Early 3D Adopters: Who's Doing 3D Printing?
Gardner had been told that the company's biggest risk was to do nothing, so he did something. He birthed the idea of the Hudson Print Lab—an area of the company that would be full of cool print gear. "A 3D printer was one of the first things we imagined going in there," he adds. "I wanted something to build cool projects that would put a smile on someone's face without landing us in jail."
Gardner took his $5,000 budget and authorized one of the company's interns to research the options and make the purchase. "We saw it as a way to get our feet wet and begin to understand the technology," explains Gardner. "There are people out there who understand 3D printing deep and wide, but they aren't in the printing realm."
The goal was to find a device that would sit out in the front lobby, draw attention and create conversations with customers. "We wanted something that had a finished enclosure and looked nice—something that would be safe so families could bring their kids in to see it running without any risk of them getting hurt," he says.
In the summer of 2013, the company purchased a CubeX Duo, a two-color machine that offers a resolution of 125 microns and a build area of 10x10˝. The Duo uses extrusion technology, which Gardner felt was safe and offered the least learning curve.

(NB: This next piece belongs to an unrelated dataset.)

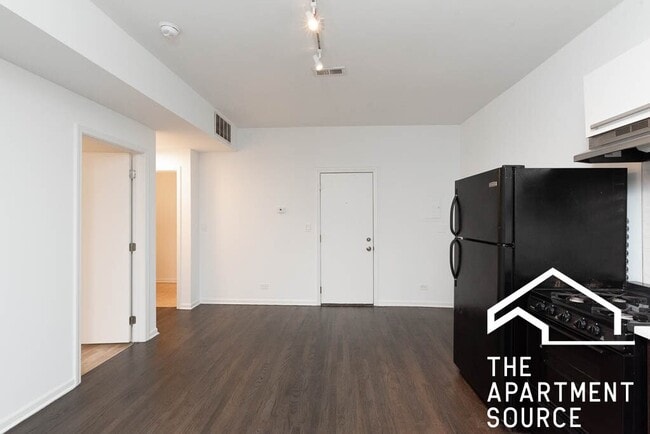 Photo - 5054 N Winthrop Ave Unit 313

Responsibility for running the machine is spread around the staff. Hudson's HP operator, lead IT staffer and "mail guru" keep the device printing so the company can keep learning. The team primarily prints open source designs, but they have also experimented with 3D modeling software like CubeX, Sketchup and Blender. Projects have included a pirate ship and dinosaur and rhinoceros heads, as well as a glow-in-the-dark globe with raised continents. Some projects take 20 to 40 hours to print.